What wonderful and encouraging comments!
It is really exciting to read all the good news parts of your update. Not excited to read about neuropathy side effects. It’s such a bothersome feeling with little relief to be found. Hope the therapies you are scheduling will help you find some much needed relief.
So, so, so good to hear there is no evidence of residual tumor and very happy to hear the surgery has been scheduled. It sounds like you are being well cared for by your oncology team of providers and by all of your family members and friends. I pray you are able to recover some strength and energy prior to your surgery on Dec. 18.
Also very happy to hear the wedding was fun! You looked fabulous!!
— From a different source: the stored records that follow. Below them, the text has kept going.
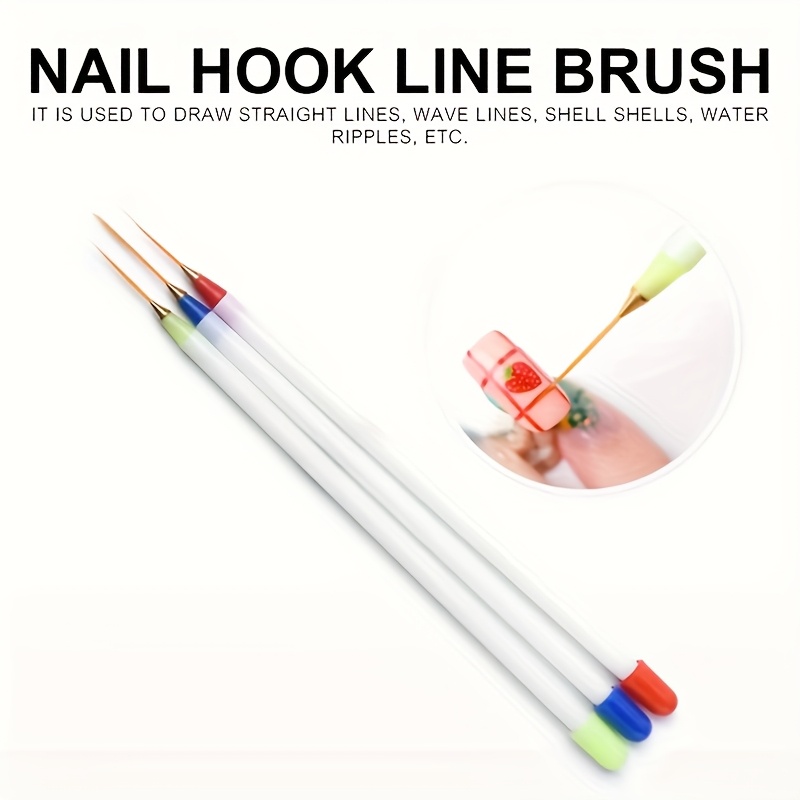 TEMU 3-pack Long White Handle Nail Art Brushes With Soft Tips - Japanese & Korean Style (blue, Green, Red) For Precise Dotting, Stripes & Intricate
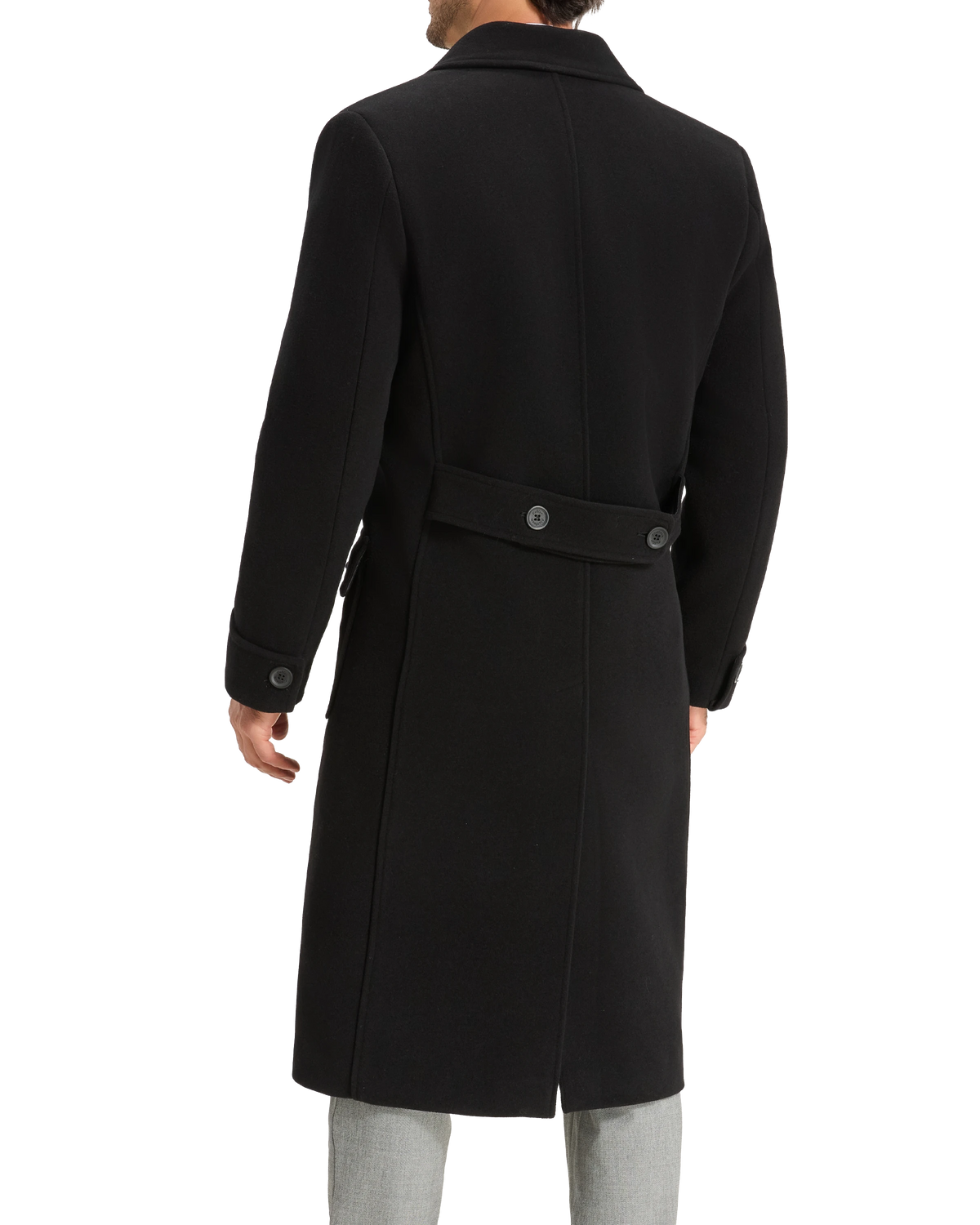 Mens Black Wool Polo Coat Double Breasted Peak Lapel Overcoat
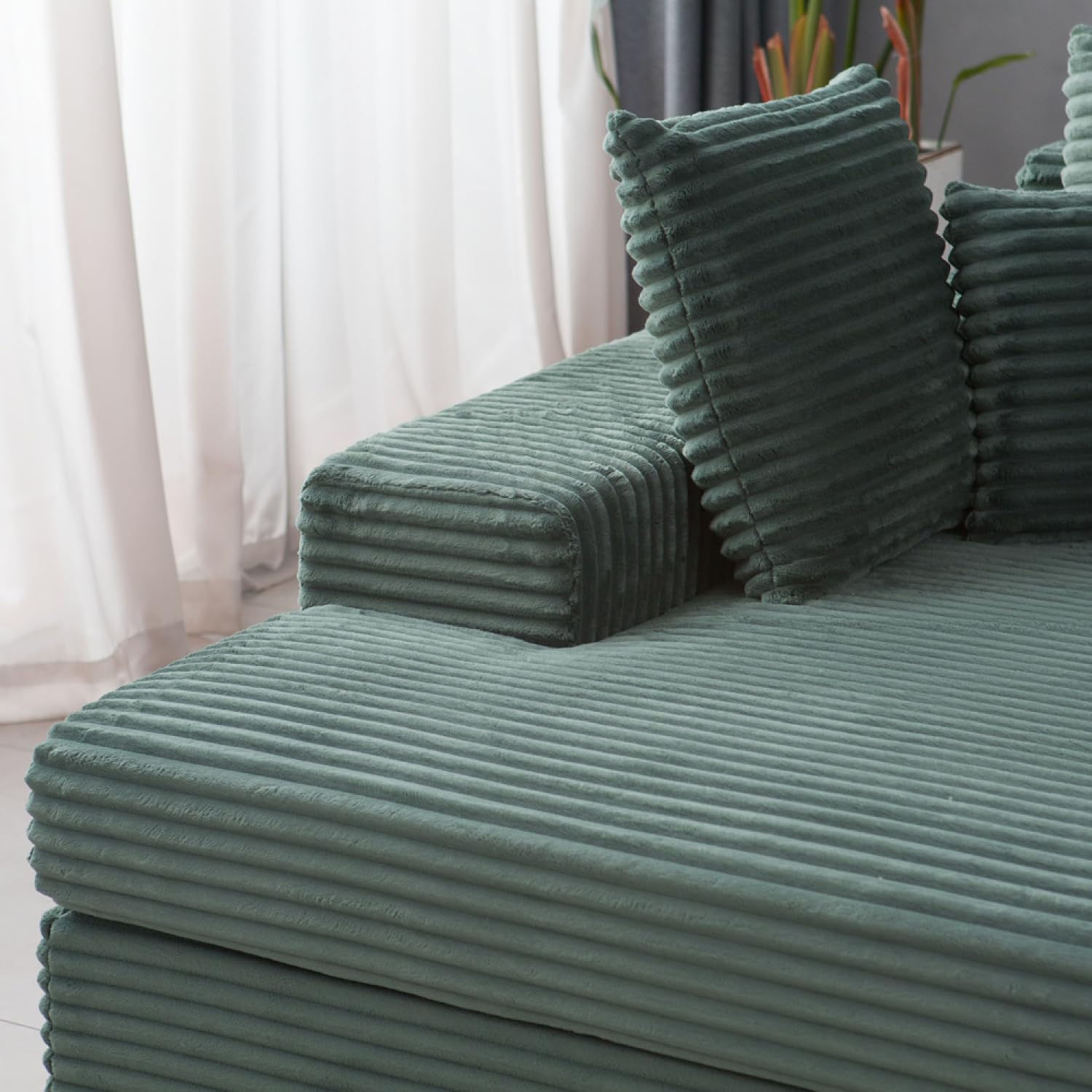 CONCEPTO FÁBRICA | Sofá Cardiff 4 plazas Pan Verde | Módulos simétricos | Cojines Desenfundables | Asiento profundo y confort Mediados de granja | Diseño Chic e Casual | Estructura de madera maciza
You are in my thoughts and prayers. Happy Thanksgiving to you, Jeff and all of your family. Keep up the good fight, my friend! Much love, Gina ♥️
Glad to hear that things are going in the right direction. I hope that you have a nice relaxing thanksgiving day and have fun FaceTimeing with your family. 💜
So happy to see your update and to hear some good news. It was so nice the chat with you and Jeff at the wedding. We think about you all daily and you all continue to be in our thoughts and prayers.
Happy Thanksgiving to you, Jeff, and family!
Love you, Deb and Dave
Praying and loving thoughts as much as I can for you and yours, and all of us too!! Love you .
Happy thanksgiving beautiful one.
Thinking about you
Whew. Cancer is like a full time job with mandatory overtime, call shifts, and ZERO benefits. Praying you get fired asap and back into real retirement.
You continue to be on the cusp of my thoughts Peggy and I bring you into my prayer closet often. It’s been some time since I’ve gotten to relish your presence. But I am certain every giver of your care is receiving more than they could imagine. You are a gift Peggy, even when you lean on others more than you wish to. Leaning is ok. It’s necessary. Its seasons come and go. Remember that.
Much love to you. And in all seriousness…thank you for not supporting censorship of the number of characters in your comments. Us word nerds need all the space we can get.
Thinking of you, Peggy 💗 thank you for the update on your progress and latest non-affirmation. Will be praying on Dec 18th!
Dear Peggy, thank you for sharing your heart and updates on your health. Praise God your tumor has responded to the treatment. I will be praying for protection from illness, your upcoming surgery, your neuropathy, and the PT and acupuncture to help. I’m thankful for you and the impact you have made in my life and so many others. Stay strong and know the Lord never leaves you. Sending love.
Thinking of you friend. Praying you continue to have grace. Thanks for sharing.